A few years ago I did some work in an FRS where an assessment of candidates’ judgement in operational situations was conducted using a computer based simulation. Basically, a scenario played out on a computer screen involving a developing fire, teams to be deployed and a range of in situ hazards. The candidate had to make decisions on how to proceed, which guided how the scenario played out. If the stakes hadn’t been so high i.e. promotions were resting on it, it might have been an enjoyable exercise! As it was, the pressure to make the right decisions was immense.

Poor decisions, poor outcomes

There were several ways the situation could go, one of which being gas canisters behind a storage facility going ‘boom’. The canisters went boom a lot, with candidates making a range of different judgement calls, some of which led to this unexpected consequence. It wasn’t that all of their decisions were at fault; but the wrong combination, despite best their efforts, and the outcomes were a disaster.

Are you a good judge?

The interesting thing was, all of these candidates believed they were ‘good firefighters’ (and to be fair, they probably largely were in many ways). None of them felt they ever had any cause to question their judgement. After all, we all have great judgement all of the time, right?

It’s very difficult to objectively weigh up the judgements we make to see how effective they are. That was why a negative outcome in the computer simulation came as such a shock- no one really suspects they make poor choices or bad judgement calls. But we all do from time to time.

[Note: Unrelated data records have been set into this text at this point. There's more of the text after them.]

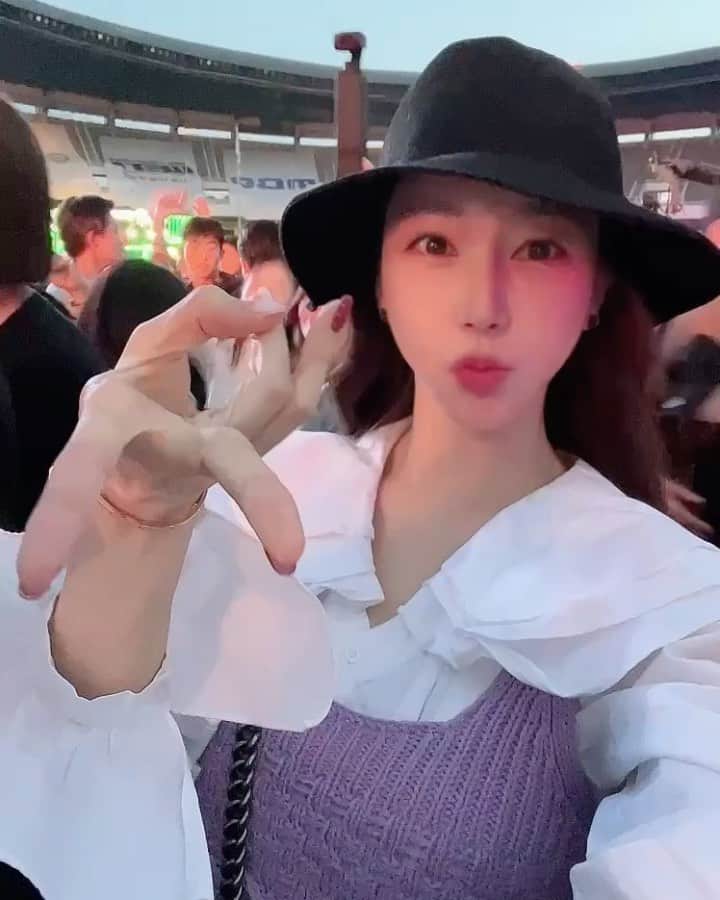 ハン・ジウンのインスタグラム：「✨ 밤새구 골프치규,바로 울트라코리아🫠 아 긍데 너무 신나는거이찡>ㅁ< 내년에도 가야지 할모니되서도 가야지!!👵🏻💜」
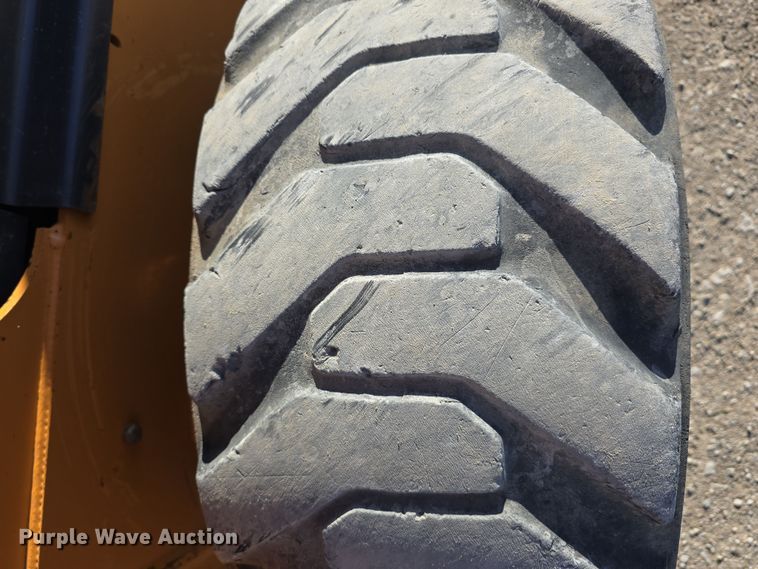 image for item EH8718 2008 Case 440 Series 3 skid steer loader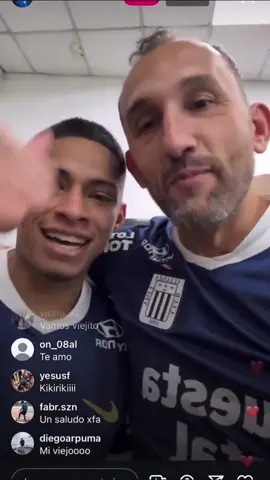 Kevin Quevedo celebra con la seña de espada del 'Samurai' y le dedica el histórico triunfo a Erick Noriega. #alianzalima #ericknoriega #copasudamericana #ytb #typ 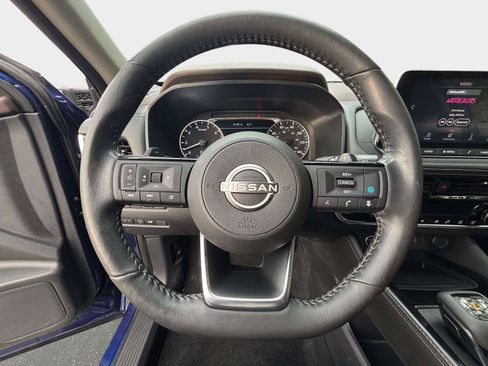 Used 2023 Nissan Rogue SL image 20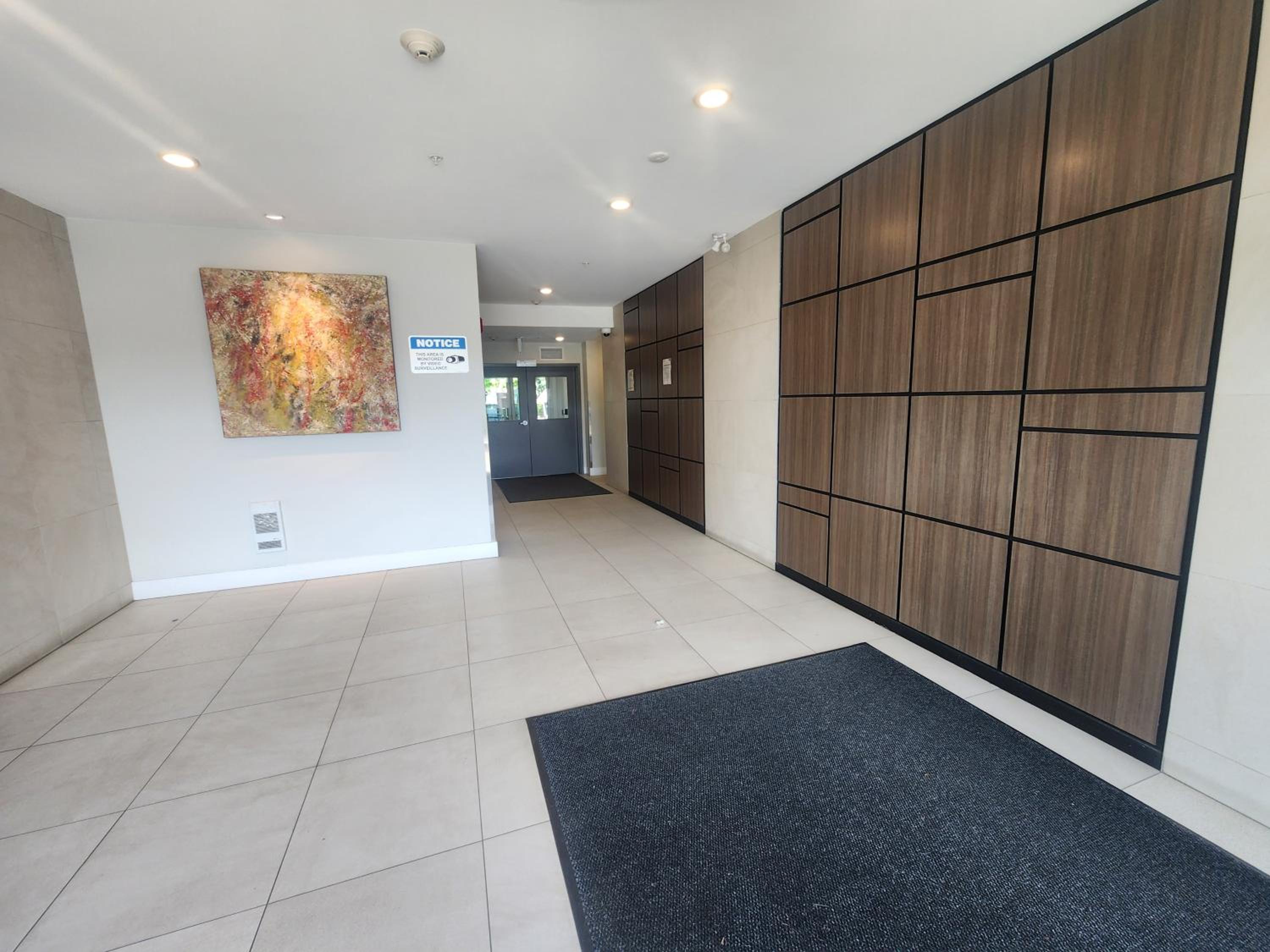 1 Bbdrm ENTIRE APARTMENT IN LANGLEY
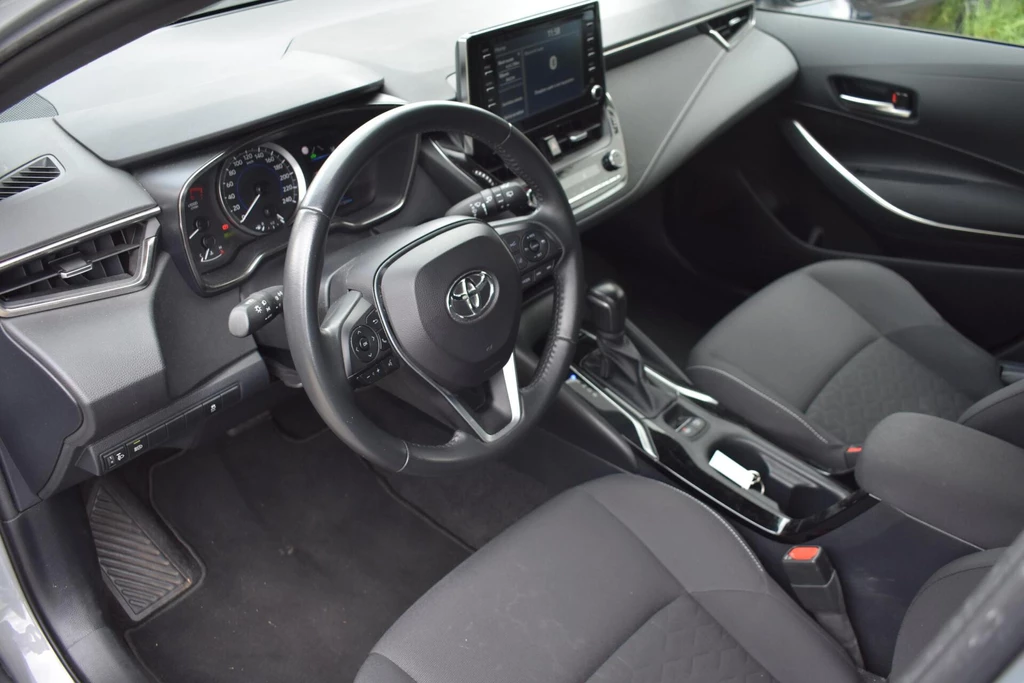 Toyota Corolla Touring Sports – foto 9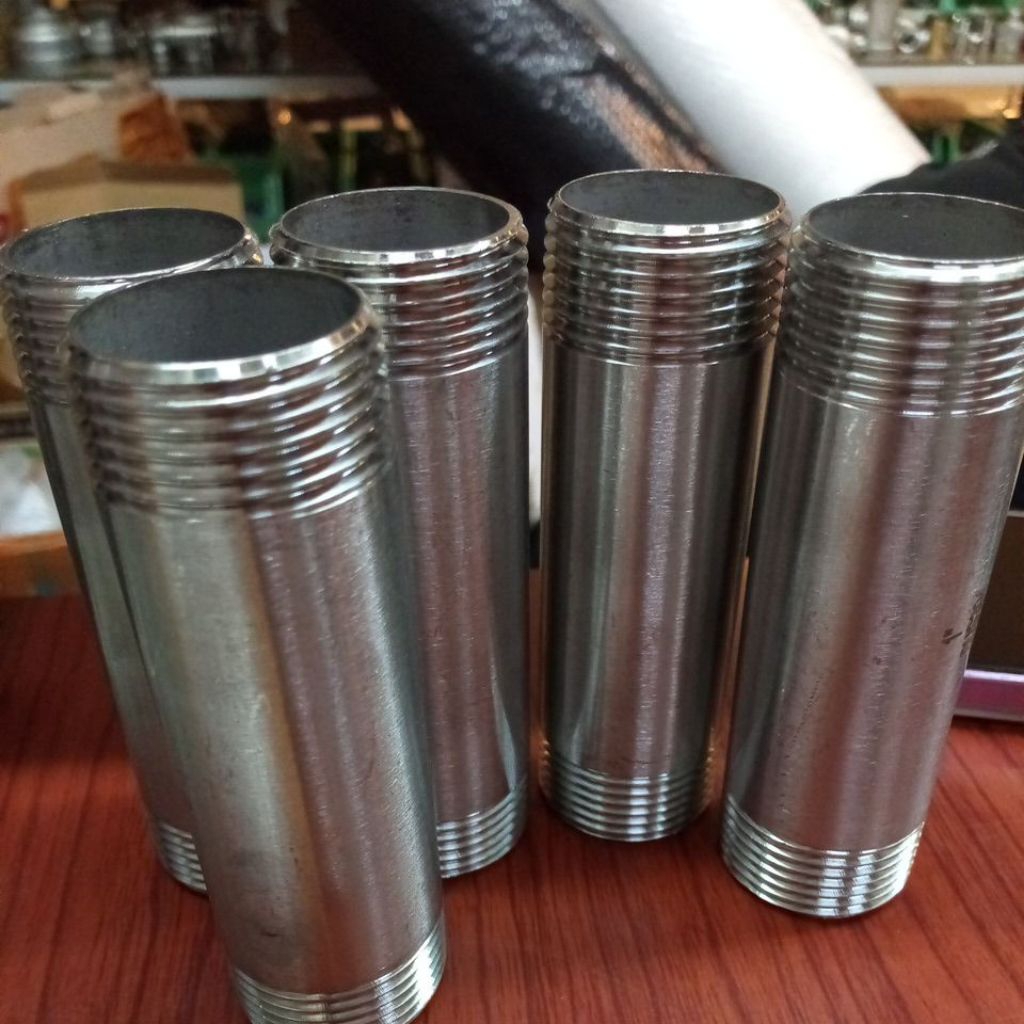 PIPA NEPEL SS304 CARBON STEEL SEAMLESS PANJANG 10CM UKURAN DRAT 1"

So how can we mitigate this?

7 tips to judge your judgement skills

  • Be open-minded. Don’t expect to always get it right. If you assume you are always right, you aren’t going to see where you might be going wrong.
  • Be objective. This will help you examine your actions from a range of perspectives to get a fuller picture.
  • Seek feedback. Don’t be afraid to get input from others. They might see something you can’t. You just need to be prepared to hear it.
  • Consider alternatives. Your initial judgement may lead to a specific decisions, but take time to consider what other judgements could have value, weighing up the pros and cons.
  • Be aware of other priorities. Your judgements might be based on your own priorities, but there may be others to consider if you look at the problem from more angles than you may naturally be inclined to do.
  • Consider more than one impact. The first impact you assess probably won’t be the only one. Go back and look for more, as this might change your judgement of the situation.
  • Be prepared to learn. It’s ok if the judgement you have made turns out not to be the best one for the situation. You just need to be willing to learn from it, rather than dismiss the opinions of others as wrong.